> TASK ITEM: Reproduce only this stretch of the listing below: from the line with "Plateau Chrono 52t" through the line with "2017 Cadillac Escalade ESV Luxury", exactly as written, with pictures excluded.

> DATA UNDER STUDY:
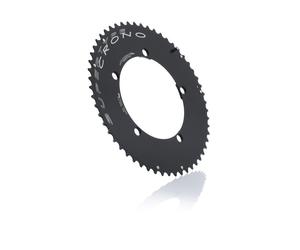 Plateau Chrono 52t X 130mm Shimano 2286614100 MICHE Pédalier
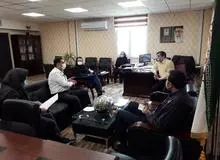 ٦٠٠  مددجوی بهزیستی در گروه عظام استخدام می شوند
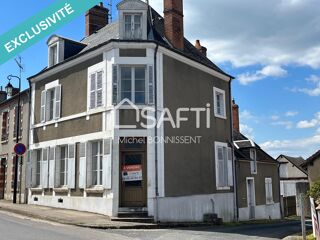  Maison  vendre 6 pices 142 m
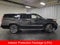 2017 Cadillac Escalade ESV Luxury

...

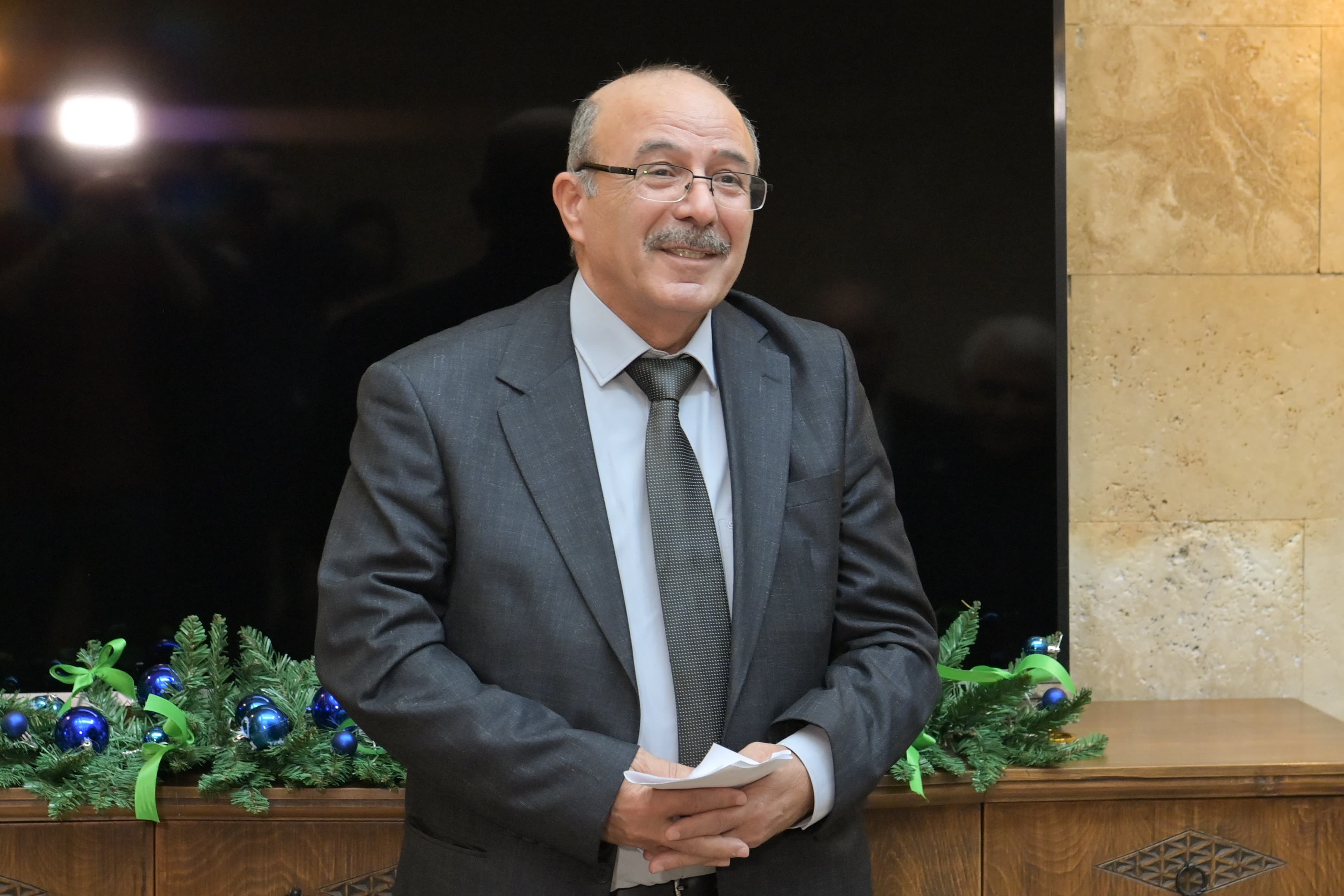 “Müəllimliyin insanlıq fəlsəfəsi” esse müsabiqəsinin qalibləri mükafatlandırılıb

> OUTPUT OF THE TASK:
 Plateau Chrono 52t X 130mm Shimano 2286614100 MICHE Pédalier
 ٦٠٠  مددجوی بهزیستی در گروه عظام استخدام می شوند
  Maison  vendre 6 pices 142 m
 2017 Cadillac Escalade ESV Luxury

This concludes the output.